Sopa de tomate y viejas herejías en botarates sistémicos de la plutocracia – Por Juan Manuel de Prada

Sopa de tomate y viejas herejías 
Por Juan Manuel de Prada

Hace unos días, una pareja de botarates sistémicos arrojó sopa de tomate sobre un cuadro de Van Gogh (por lo demás, bastante birrioso) expuesto en la National Gallery. Los botarates eran activistas de una organización ecolojeta sufragada por plutócratas que exigen el abandono de los combustibles fósiles, para poder forrarse más salvajemente con las llamadas ‘energías alternativas’.

La performance probablemente estuviese pactada con la dirección del museo, pues los vigilantes de la sala tardaron varios minutos en intervenir; y, además, el cuadro elegido para el aparente estropicio estaba protegido por un cristal. Se trataba, pues, de la típica operación plutocrática que emplea como mamporreros a botarates sistémicos que, como señalaba Cervantes, se quedan satisfechos por verse con fama, aunque infames, como aquel Eróstrato de la Antigüedad, que prendió fuego al templo de Artemisa para que perviviese su nombre en los siglos venideros.

Los botarates sistémicos, al perpetrar su fechoría fingida, exclamaron: «¿Qué vale más? ¿El arte o la vida? ¿Estáis más preocupados por la protección de un cuadro que por la protección del planeta?». Una proclama que recrea las que en otro tiempo lanzaban los herejes iconoclastas, que consideraban que la grandeza de Dios estaba reñida con su representación artística. Estos botarates sistémicos no alcanzan a creer en Dios (no les da el caletre y, además, son endemoniados pastoreados por satanistas); por lo que se conforman con adorar el planeta, que consideran su dios. Pero en la confrontación entre el dios que adoran y la expresión artística hallamos el esquema mental propio de los herejes iconoclastas, que no aceptaban que la unidad más íntima y fecunda entre el Creador y la criatura se produzca a través del arte.

Al destruir las obras de arte, los herejes iconoclastas pretendían negar el abrazo entre lo humano y lo divino, divorciando por completo a Dios del hombre. Como nos enseña Solovief, pretender que la divinidad no pueda tener expresión sensible es quitar a la encarnación divina toda realidad; es, en definitiva, negar la Redención. Así, el hombre irredento se torna deleznable y odioso; y su mera existencia ultraja a Dios.

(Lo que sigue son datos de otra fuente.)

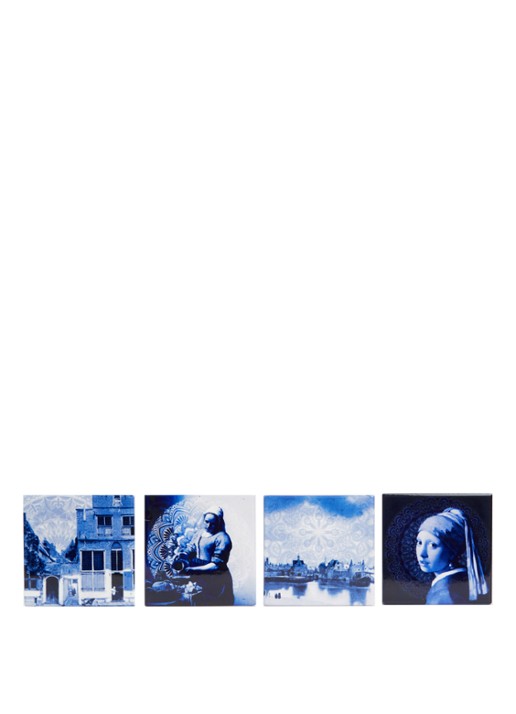 Heinen Delfts Blauw Vermeer onderzetter van keramiek set van 4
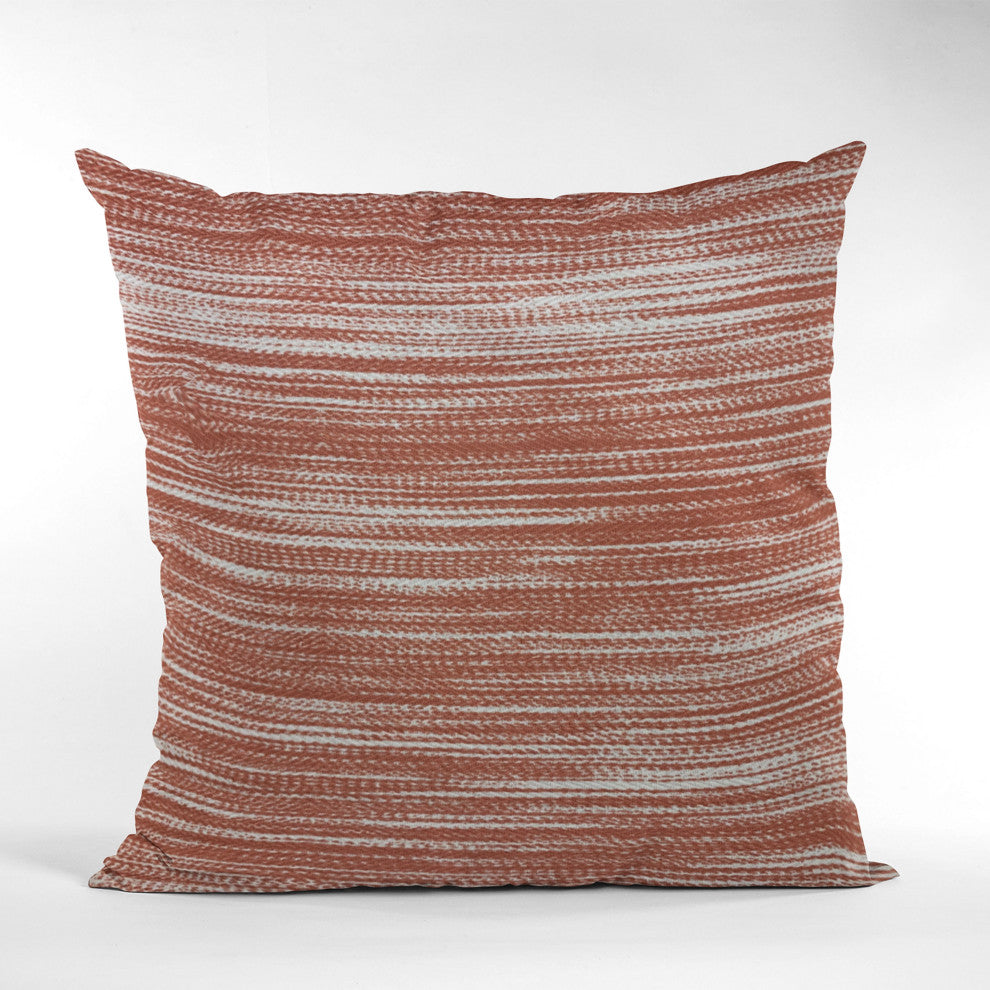 Plutus Red Beige Shower Stripe Luxury Throw Pillow, 22"x22"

Del mismo modo, para estos botarates sistémicos sufragados por la plutocracia, el hombre es un ser odioso –una plaga– que merece ser controlado en su capacidad de procreación, luego diezmado con inoculaciones, finalmente exterminado, para que no siga ultrajando la belleza del planeta (y todo intento de representar esa belleza se les antoja sacrílego, por proceder de un ser odioso e irredento al que conviene ‘cancelar’, para que su dios resplandezca incontaminado, incólume, intacto, intangible). Como nos recordaba Chesterton, lo que llamamos ideas nuevas no son más que viejas herejías disfrazadas de novedad; y, llegada esta fase terminal de la Historia, las viejas herejías son proclamadas por botarates sistémicos que la plutocracia emplea como mamporreros de sus planes satánicos.